From d9bf85613d7171b54a6ece45fc0f241b008a1fd8 Mon Sep 17 00:00:00 2001
From: pengwa <pengwa@microsoft.com>
Date: Wed, 6 Mar 2024 21:54:16 +0800
Subject: [PATCH] Adapt memory optimizer to fit PHI2 (#19757)

### Adapt memory optimizer to fit PHI2

Few improvements and bug fixes:
1. Fix bug related to transformer layer detection.
2. Use default reversed typo order to create recompute node, to avoid
the leaf nodes are handled too late, then having lowest priority for
execution.
3. Add early stop when activation's element count is constant and total
element count < 1M. This can avoid overhead to search subgraphs.


Using export ORTMODULE_MEMORY_OPT_LEVEL=1 to enable layerwise recompute,
on given recipe, memory consumption dropped from ~22GB to ~13GB .
---
 .../memory_optimizer/memory_insight.cc        |  3 +-
 .../memory_optimizer/memory_optimizer.cc      | 37 +++++++++++++++-
 .../memory_optimizer/recompute_analysis.cc    | 18 +++++++-
 .../memory_optimizer/transformer_specific.cc  | 42 +++++++++++++++++--
 .../memory_optimizer/transformer_specific.h   |  3 ++
 5 files changed, 95 insertions(+), 8 deletions(-)
diff --git a/orttraining/orttraining/core/optimizer/memory_optimizer/memory_insight.cc b/orttraining/orttraining/core/optimizer/memory_optimizer/memory_insight.cc
index 08c402bf669c8..54c49db0597c7 100644
--- a/orttraining/orttraining/core/optimizer/memory_optimizer/memory_insight.cc
+++ b/orttraining/orttraining/core/optimizer/memory_optimizer/memory_insight.cc
@@ -258,7 +258,8 @@ Status FindORTModuleMemoryOpportunity(const GraphViewer& graph_viewer,
                                                      logger));
 
   InlinedHashSet<const Node*> layer_boundary_ln_nodes;
-  FindLayerBoundaryLayerNormNodes(graph_viewer, logger, layer_boundary_ln_nodes);
+  FindLayerBoundaryLayerNormNodes(graph_viewer, logger, node_index_to_its_order_in_topological_sort_map,
+                                  yield_op_order_in_topological_sort, layer_boundary_ln_nodes);
 
   // The first pass - find the candidate subgraphs.
   for (int i = static_cast<int>(node_ids.size()) - 1; i >= 0; --i) {
diff --git a/orttraining/orttraining/core/optimizer/memory_optimizer/memory_optimizer.cc b/orttraining/orttraining/core/optimizer/memory_optimizer/memory_optimizer.cc
index 525e3b4b8de35..40fa2fc5cc737 100644
--- a/orttraining/orttraining/core/optimizer/memory_optimizer/memory_optimizer.cc
+++ b/orttraining/orttraining/core/optimizer/memory_optimizer/memory_optimizer.cc
@@ -190,11 +190,44 @@ Status MemoryOptimizer::ApplyImpl(Graph& graph, bool& modified, int /*graph_leve
                   .IsOK());
 
   // The second pass - apply the transformation.
-  // Iterate through the nodes in reversed topological order and find the subgraph that can be alleviated.
+  // Note 1: Iterate through the nodes in reversed topological order and find the subgraph that can be alleviated.
   // The reason we do reversed topological order is that we want the later layers' recompute nodes can be appended
   // earlier than the earlier layers, in this way, the execution order of later layers will be in front of the earlier
   // layers.
-  const auto& node_ids = graph_viewer.GetNodesInTopologicalOrder(ExecutionOrder::PRIORITY_BASED);
+  //
+  // Note 2: Here we use default typo order (which tries to BFS from the outputs,
+  // so the nearest node to graph output will be visited last).
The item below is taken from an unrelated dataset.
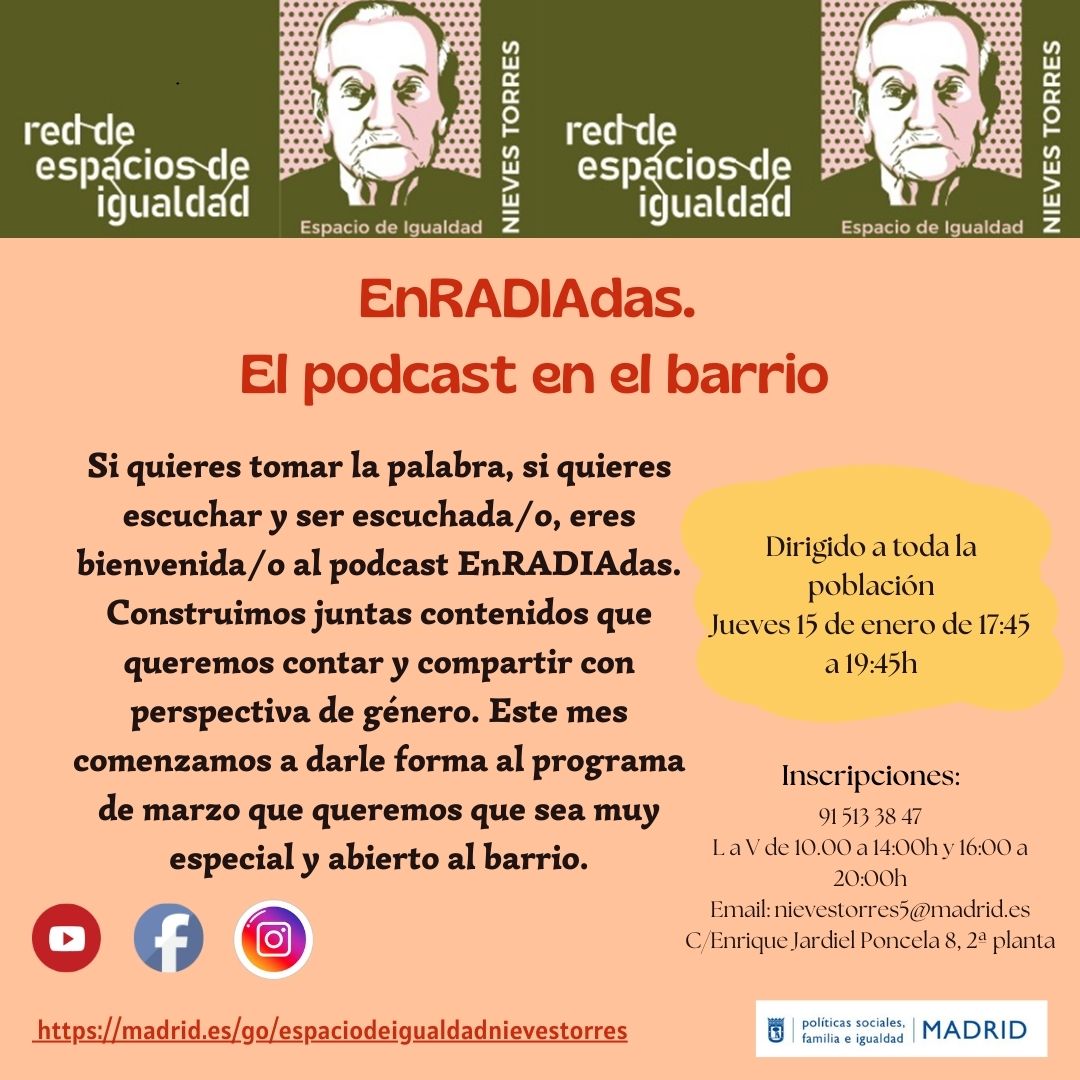 enradiadas. el podcast en el barrio. dirigido a poblaci&oacute;n general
So in reversed default typo order,
+  // the neareast node to graph output will be visited first.
+  // Imagine there is a such subgraph
+  //         input1 input2 input3
+  //             \    |     /
+  //         multiple layers
+  //             |
+  //            node M
+  // labels-------|-----
+  //    \         |     |
+  //    node1     |     |
+  //      \       |     |
+  //      node2  /      |
+  //        \   /       |
+  //      node loss     /
+  //          |        /
+  //       YieldOp  node1_recompute
+  //         |      /
+  //         \   node2 recompute
+  //          \ /
+  //     node loss_grad
+  //           |
+  //     critical grad path
+  //
+  // In PriorityBased order, node1 will be visited first, so it's recompute node node1_recompute will be added
+  // at last because we do this following reversed topological order. Then node1_recompute node will have lowest
+  // priority to execute, as a result, if at this time, the queue to visit contains only recompute nodes, then
+  // node1_recompute will be run at last, affecting the backward critical path, which is not what we want.
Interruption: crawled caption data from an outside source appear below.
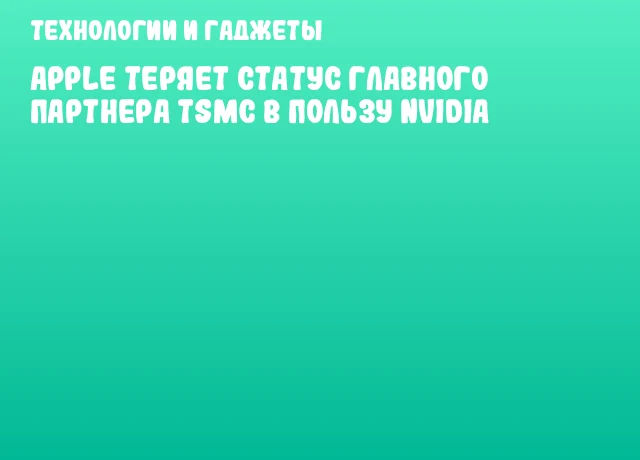 Apple теряет статус главного партнера TSMC в пользу NVIDIA
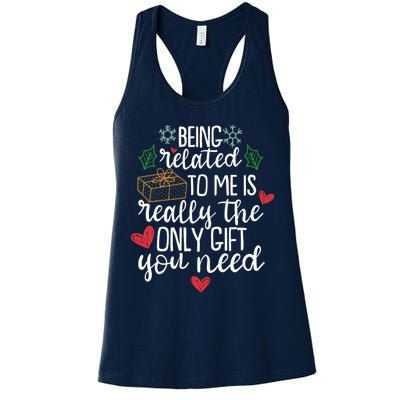 Funny Christmas Being Related To Me Is Really The Only Gift You Need Womens Tank Top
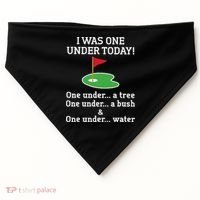 Funny Golf For  I Was One Under Golfing USA-Made Doggie Bandana thumb 0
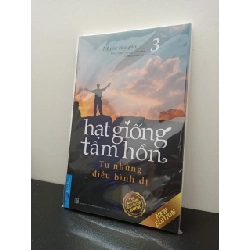 Hạt Giống Tâm Hồn 3: Từ Những Điều Bình Dị (Tái Bản 2020) New 100% HCM.ASB2707 64018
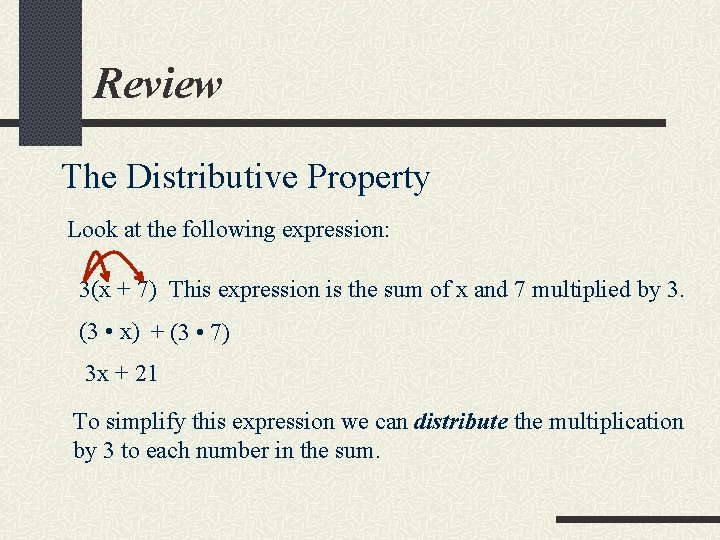 Review The Distributive Property Look at the following expression: 3(x + 7) This expression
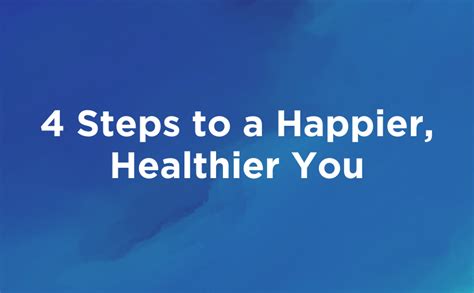 Download 4 Steps To A Happier Healthier You Pastor Ricks Daily Hope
+  // Current workaround is to use default order, which will execute node1_recompute earlier than other recompute nodes
+  // in this case.
+
+  const auto& node_ids = graph_viewer.GetNodesInTopologicalOrder(ExecutionOrder::DEFAULT);
   for (int i = static_cast<int>(node_ids.size()) - 1; i >= 0; --i) {
     Node* p_node = graph.GetNode(node_ids[i]);
     if (p_node == nullptr) {
diff --git a/orttraining/orttraining/core/optimizer/memory_optimizer/recompute_analysis.cc b/orttraining/orttraining/core/optimizer/memory_optimizer/recompute_analysis.cc
index 12c83591c0036..76b3325f36116 100644
--- a/orttraining/orttraining/core/optimizer/memory_optimizer/recompute_analysis.cc
+++ b/orttraining/orttraining/core/optimizer/memory_optimizer/recompute_analysis.cc
@@ -19,7 +19,7 @@ namespace onnxruntime::optimizer::memory_optimizer {
 
 namespace {
 
-constexpr int32_t MAXIMUM_RECOMPUTE_NODE_COUNT = 15;
+constexpr int32_t MAXIMUM_RECOMPUTE_NODE_COUNT = 50;
 
 static size_t GetElementSize(const ONNX_NAMESPACE::DataType& tensor_type) {
   const ONNX_NAMESPACE::TypeProto& type_proto = ONNX_NAMESPACE::Utils::DataTypeUtils::ToTypeProto(tensor_type);
@@ -291,6 +291,22 @@ Status SelectRecomputeSubgraph(const Node& entry_node,
         const auto current_node_input_index = input_edge.GetDstArgIndex();
         if (std::find(input_arg_indices.begin(), input_arg_indices.end(), current_node_input_index) !=
             input_arg_indices.end()) {
+          // If the tensor size is constant and very small (Now < 1M), we stop adding the input edge into queue.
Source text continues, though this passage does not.